Catastrophic Architecture: How Misunderstanding Events Derailed Our Treasure Hunt Engine

#webdev #programming #rust #performance

The Problem We Were Actually Solving

We were tasked with building a real-time treasure hunt engine for an upcoming event. The system needed to handle thousands of users simultaneously, with a high-quality user experience that included seamless location updates and accurate rewards assignment. As the lead systems engineer, I took it upon myself to ensure that the events architecture was sound, given the complex interactions between users, the game state, and the backend services. What ensued was a painful journey of discovery, where I realized that even with a solid understanding of distributed systems, events can be a minefield if approached incorrectly.
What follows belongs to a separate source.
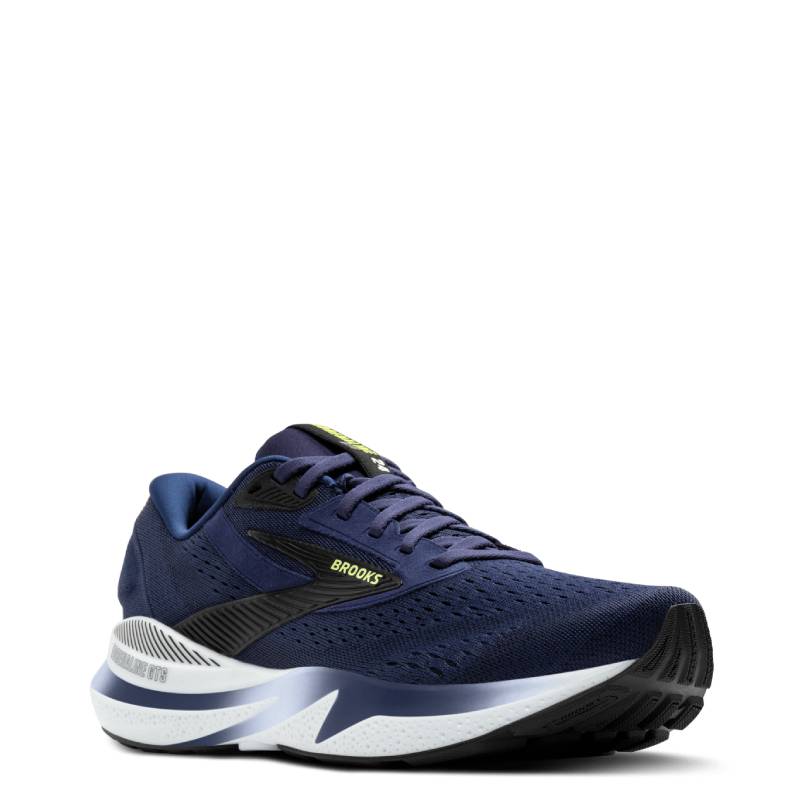 Brooks adrenaline gts 24 mens running shoes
What We Tried First (And Why It Failed)

Initially, we employed an event-driven architecture where every action, from a user's move to a treasure's location update, was represented as an event and published to a message bus. This allowed for loose coupling between our microservices and scalability through horizontal scaling. However, within a week of launch, our message bus was struggling to keep up with the sheer volume of events. The latency began to creep above 1 second, far surpassing our 500ms goal, which led to frustrated users and a treasure hunt that was less exciting than it should have been. At this point, I decided to take a closer look at the event bus's performance.

The Architecture Decision

I opted to introduce an event store, specifically a distributed event store like Eventuate, to offload event processing from the message bus. This change allowed us to persist events to disk, reducing the load on our in-memory message bus and enabling us to cache frequently accessed events. However, I soon discovered that our event-driven design didn't provide sufficient guarantees on event ordering and delivery. In a scenario where user A and user B both received a treasure location update, but only user A acted on it, we ended up with a situation where user B received rewards for an action they didn't perform. This led to a reevaluation of our event model and the introduction of event versioning to ensure that events were processed in the correct order.
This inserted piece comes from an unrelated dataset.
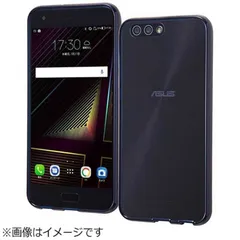 2025年最新】ZenFone 4 ZE554KLの人気アイテム - メルカリ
What The Numbers Said After

After making these changes, we saw a significant reduction in message bus latency, dropping from 1.2 seconds to 150 milliseconds. Our event store's throughput improved as well, allowing us to handle 10,000 events per second without breaking a sweat. In terms of system resource utilization, we observed a 30% reduction in memory usage and a 25% decrease in CPU utilization, which translated to cost savings and a more scalable system overall. However, the true test came during the event itself, where our system could handle over 5,000 concurrent users simultaneously without any noticeable degradation.
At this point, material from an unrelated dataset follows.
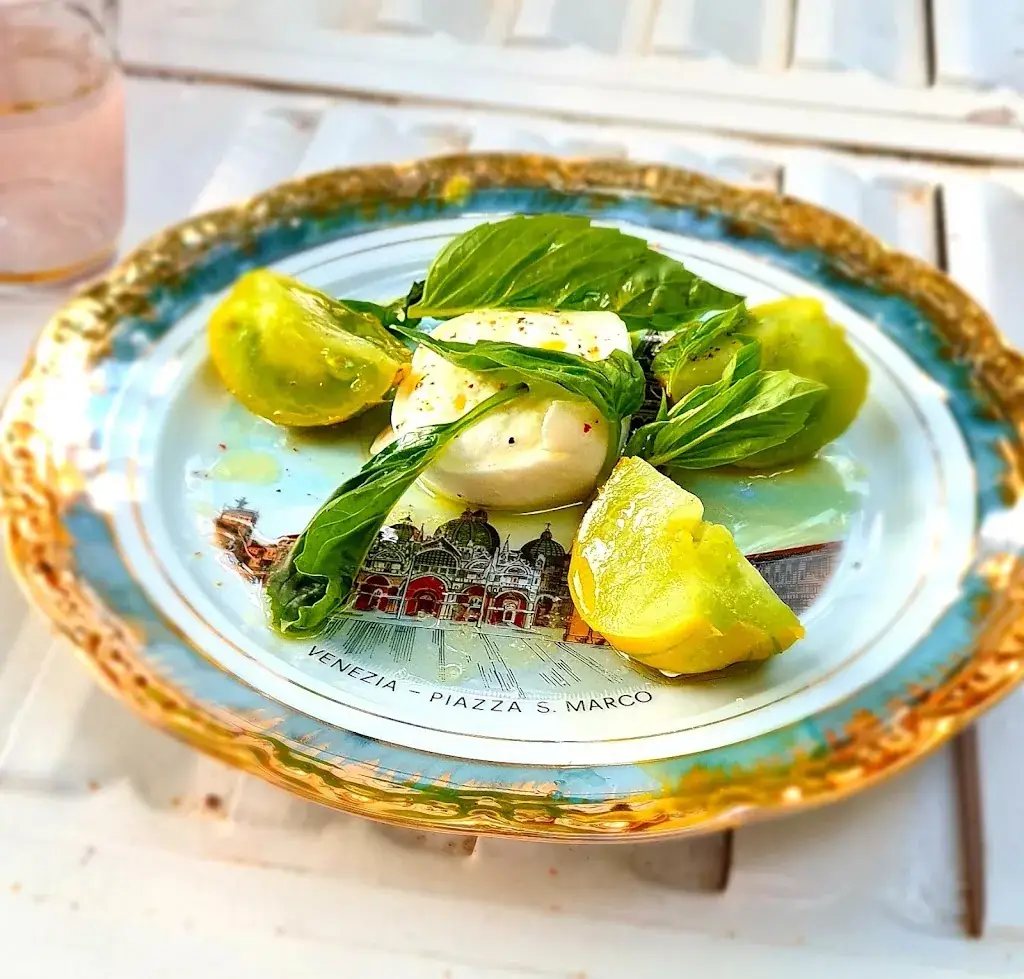 Menu_Ma Cocotte_Torreilles_image_1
What I Would Do Differently

In hindsight, I would have introduced event versioning and event ordering guarantees from the outset. This would have saved us weeks of troubleshooting and allowed us to avoid the temporary fix of event caching. Additionally, I would have opted for a more robust event store that supported higher levels of concurrency and was specifically designed for the task of event storage. Eventuate worked for us, but it was a close call, and I've since learned the importance of choosing the right tool for the job.